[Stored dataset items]

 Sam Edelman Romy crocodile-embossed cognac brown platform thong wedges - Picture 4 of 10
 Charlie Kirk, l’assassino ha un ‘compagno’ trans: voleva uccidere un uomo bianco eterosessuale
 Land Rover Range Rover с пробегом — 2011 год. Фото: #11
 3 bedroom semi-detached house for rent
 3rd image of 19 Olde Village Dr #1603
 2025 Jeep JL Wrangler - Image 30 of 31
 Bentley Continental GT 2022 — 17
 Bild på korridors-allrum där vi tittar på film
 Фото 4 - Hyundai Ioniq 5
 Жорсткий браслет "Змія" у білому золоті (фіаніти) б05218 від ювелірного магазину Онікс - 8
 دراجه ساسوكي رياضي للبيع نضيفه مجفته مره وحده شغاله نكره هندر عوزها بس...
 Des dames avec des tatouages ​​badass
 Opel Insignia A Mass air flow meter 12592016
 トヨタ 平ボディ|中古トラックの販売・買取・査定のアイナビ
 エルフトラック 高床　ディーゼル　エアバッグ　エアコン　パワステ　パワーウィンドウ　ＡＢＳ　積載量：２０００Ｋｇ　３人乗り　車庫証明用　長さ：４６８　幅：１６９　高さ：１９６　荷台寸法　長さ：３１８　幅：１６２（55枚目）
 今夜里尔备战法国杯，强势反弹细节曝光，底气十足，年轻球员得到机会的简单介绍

**AIM OF THE EXERCISE:** Only the lines from the first line of the records through the line containing "Bild på korridors-allrum" should be repeated, exactly as they appear.

**ANSWER TO THIS EXERCISE:**
 Sam Edelman Romy crocodile-embossed cognac brown platform thong wedges - Picture 4 of 10
 Charlie Kirk, l’assassino ha un ‘compagno’ trans: voleva uccidere un uomo bianco eterosessuale
 Land Rover Range Rover с пробегом — 2011 год. Фото: #11
 3 bedroom semi-detached house for rent
 3rd image of 19 Olde Village Dr #1603
 2025 Jeep JL Wrangler - Image 30 of 31
 Bentley Continental GT 2022 — 17
 Bild på korridors-allrum där vi tittar på film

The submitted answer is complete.